Sejak 2011, Bali memiliki Perda Kawasan Tanpa Rokok. Aturan ini hadir untuk melindungi masyarakat, terutama anak-anak dan lansia, dari paparan asap rokok. Telah terbukti asap rokok meningkatkan risiko kanker paru, penyakit jantung, serta berbagai gangguan pernapasan.
“Implementasi perda ini juga sejalan dengan upaya menjaga generasi muda agar tidak menjadi perokok pemula. Termasuk dengan pengaturan ketat terhadap rokok elektronik di ruang publik,” ujarnya, Jumat (19/9/2025).

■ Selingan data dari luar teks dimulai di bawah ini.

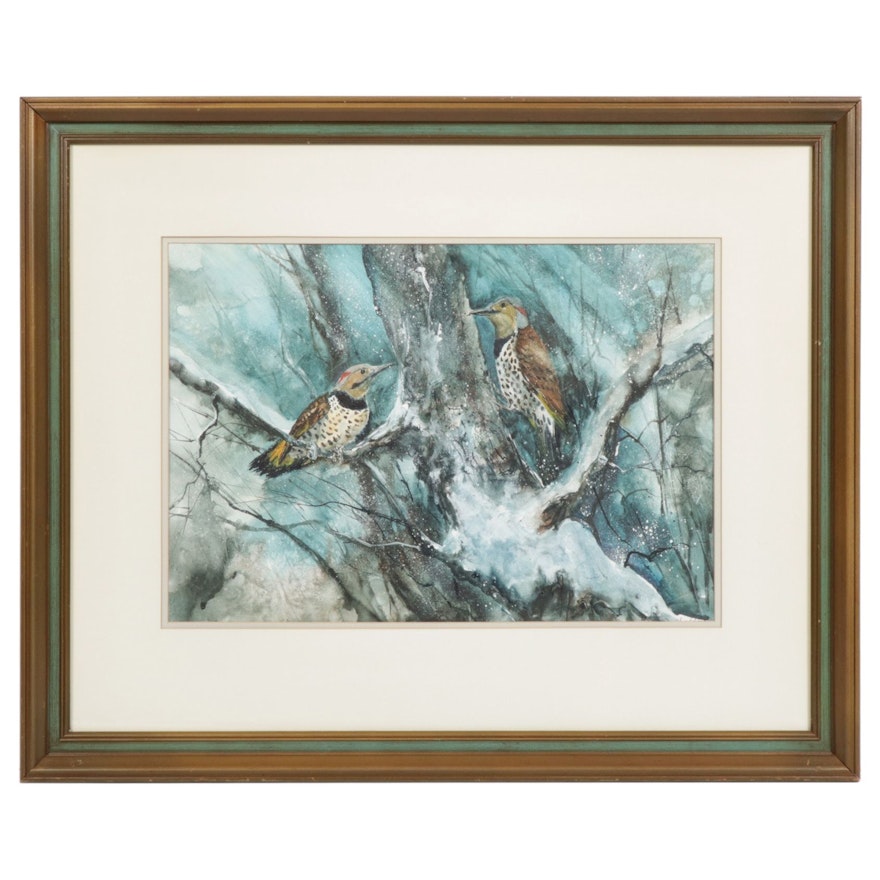 Gouache Painting of Northern Flicker Birds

Ia menambahkan bahwa komitmen bersama menjadi kunci. Ia menyebut, keberhasilan KTR tidak boleh berhenti di atas kertas, melainkan harus ditegakkan melalui pengawasan dan konsistensi. Saat ini lebih dari 120 puskesmas di Bali telah menyediakan layanan berhenti merokok, tetapi tantangan terbesar adalah membangun kepatuhan bersama.

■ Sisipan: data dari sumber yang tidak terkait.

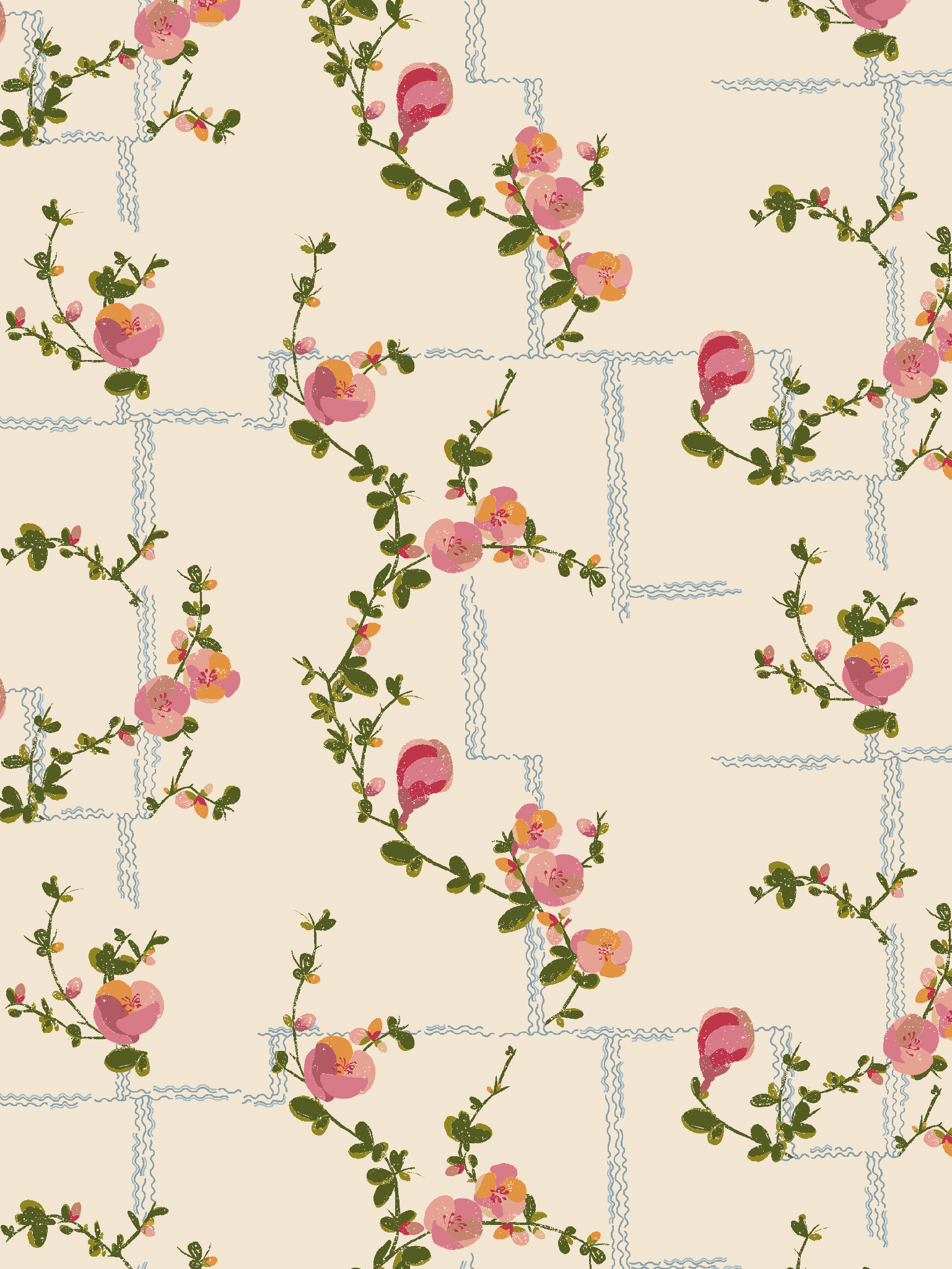 Coco - Wallpaper - Pink on Beige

“Sebisa mungkin, implementasi KTR harus dijalankan lintas sektor, baik dari pendidikan, kesehatan, hingga pariwisata agar Bali benar-benar menjadi destinasi yang sehat, bersih, dan berbudaya,” lanjutnya.
Survei dari IYCTC menggunakan metode pemantauan kualitas udara selama tujuh hari penuh pada Juni-Juli 2025 di sembilan titik Kawasan Tanpa Rokok (KTR). Misalnya; sekolah, perkantoran, rumah sakit, restoran, hotel. Hasilnya menunjukkan bahwa dari sembilan titik pemantauan, dua lokasi yang masuk kategori “baik”. Sementara tujuh lainnya berada di level “moderat” dengan lonjakan signifikan pada jam-jam tertentu. Hal ini terutama di restoran dan area publik semi-tertutup meski aturan KTR berlaku.

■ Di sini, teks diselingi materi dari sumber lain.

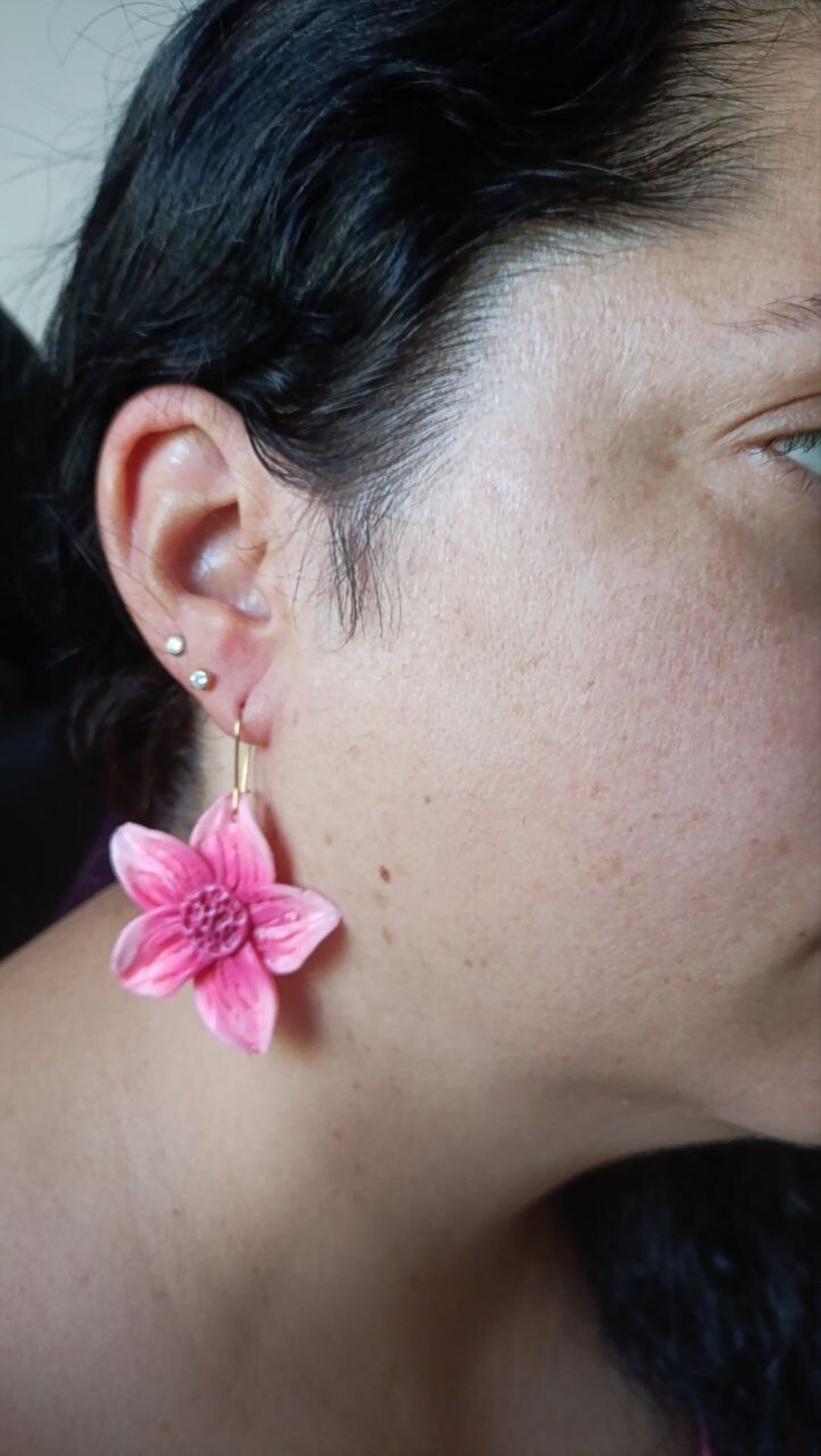 Pendientes de Arcilla Polimerica Flor Lily Rosa - 5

“Asap rokok terbukti meningkatkan konsentrasi PM2.5 hingga level beracun. Bahkan pada kadar rendah sekalipun, paparan asap rokok dapat meningkatkan risiko kanker paru-paru, penyakit jantung, hingga gangguan pernapasan,” kata Ni Made Shellasih, Program Manager IYCTC.
Kasus di sekolah menunjukkan lonjakan drastis akibat pekerja konstruksi yang merokok, sementara rumah sakit justru menunjukkan hasil baik karena aturan bebas rokok ditegakkan secara ketat. Artinya, kata Shella, keberhasilan KTR ditentukan oleh konsistensi pengawasan dan kepatuhan di lapangan.
Menanggapi temuan survei tersebut, Dr. Made Kerta Duana, SKM, MPH, Udayana CENTRAL menekankan pentingnya data ini sebagai bukti untuk kebijakan publik. Ia menjelaskan, kebijakan pengendalian rokok di Bali sudah cukup lama ada, tetapi survei ini memberi bukti konkret bagaimana implementasi KTR memengaruhi kualitas udara dalam ruang.
“Hasil ini bisa menjadi bahan evaluasi pemerintah sekaligus bahan advokasi untuk memastikan kebijakan tidak parsial,” ujarnya.
Tantangan berikutnya adalah rokok elektronik, yang perlu riset lebih lanjut agar tidak mencemari udara dengan wajah baru. Menruut Made, hal ini sekaligus menguatkan bahwa pariwisata berkelanjutan tidak mungkin tercapai tanpa udara yang sehat.
Dari perspektif pemerintah daerah, dr. I Gusti Ayu Raka Susanti, Kepala Bidang Pencegahan dan Pengendalian Penyakit, Dinas Kesehatan Provinsi Bali menegaskan kesehatan adalah lini terdepan pembangunan.
“Kami di Dinkes sudah melakukan monitoring, membentuk tim evaluasi, dan memastikan fasilitas kesehatan menjadi garda terdepan dalam penegakan KTR. Mengubah perilaku memang sulit, namun perlu dilakukan secara terus menerus.”
Ananda Priantara, Praktisi Kebijakan dan Akademisi FISIP Universitas Warmadewa mengungkapkan bahwa Bali sebenarnya bisa sejajar dalam hal sustainable tourism. Ia mengambil contoh, Barcelona dan Phuket berhasil menunjukkan bahwa pariwisata modern identik dengan udara bersih. Meskipun Bali sudah memiliki Perda KTR, tetapi tantangannya adalah dalam pengoptimalan. Seharusnya, pemerintah juga berani untuk mengambil langkah reward and punishment yang tegas.
“Contohnya, Singapura, pelanggaran terhadap KTR juga diberikan konsekuensi,” ucap Nanda.
Perwakilan generasi muda yakni, I.A.G Pradnyawidari Dharmika dan Dwi Ardini dari Save Our Surroundings (SOS) membagikan dan menekankan praktik baik dan juga tantangan orang muda dalam mendorong kebijakan pengendalian konsumsi rokok di Bali. Perlu kampanye kreatif untuk meningkatkan upaya berkelanjutan.